I guess the problem is too many people conflate "law" with "morality". They just lack the brainpower to realize there is a difference. A policy being law does not guarantee the policy is moral. Does not guarantee that following that policy and every consequence of doing so will profit the community more than defying that policy and every consequence of that will.
Knowing that law fails to be congruent with justice does not mean that you and I agree on every thing, so do not think I am saying you actually endorse my cause, but it so happens that I believe that copyright is completely immoral and that infringing upon copyright varies from amoral to very positively moral. Ideas cannot be owned save by the person who entertains the idea, no more than a person's flesh can be owned by any other person. Any idea (from narrative to song to art to design) which you share with another person, you instill in them their unique understanding of your idea and you no longer own what they now understand. You cannot force them to keep your idea a secret, save by lien of some other arrangement you have with them, without doing them and the community at large the same harm as you would by claiming ownership over their bodies entire, for the mind is a component of the body.

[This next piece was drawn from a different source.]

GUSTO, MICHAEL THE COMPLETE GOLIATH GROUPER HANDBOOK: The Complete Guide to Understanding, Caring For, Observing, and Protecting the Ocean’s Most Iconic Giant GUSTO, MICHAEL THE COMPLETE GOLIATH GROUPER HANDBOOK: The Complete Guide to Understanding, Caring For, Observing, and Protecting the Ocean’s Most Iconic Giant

This is the basic reason that abolitionists draw so many parallels between contemporary copyright and 18th century slavery. It is not because of the shock value, it is not because of the broad consensus against slavery today, it is because the comparison is apt. Cotton farmers once claimed property rights over the bodies of their slaves and whinged that cotton could not be farmed or processed elsewise, and media producers today claim property rights over our minds and whinge that art cannot be produced elsewise. It is true that the magnitude of injustice was greater in the elder case, but the form of injustice is congruent, and it is equally unacceptable at any magnitude. Reducing the number of slaves a plantation owner abuses from one thousand to one does not transform his case into one that is acceptable, and neither would reducing the manner of slavery from direct physical abuse to indirect thought enforcement.
Equally apt is the comparison of complaints that some commodity cannot be created without the abuse. A century and a half after slavery was entirely divorced from cotton production I am not only wearing a cotton shirt but impoverished people the world over who cannot afford food are also wearing cotton shirts. Now media producers claim that if they cannot control my freedom to redistribute or re-incorporate their work that they cannot produce media any more.
Put simply, if cotton stopped existing without slavery I would wear wool or nylon or any of a number of materials. If media stops existing without copyright, I would rather hum to myself than give up my right to hum in public. The arts are about people expressing themselves and sharing those expressions amongst their culture. Copyright does not enable art, it prevents it. If you can't express your ideas unless you pull down full time wages as compensation for doing so, then you're ideas literally aren't worth expressing. That's what "worth" means. I'm not being compensated to argue my case here, but I still do. It's worth my time to do so. If I got paid as well, then that's a double KO. But my ideas have to stand on their own or they're literally not worth the funding -- Especially not worth gimping the rights of others to continue spreading your word.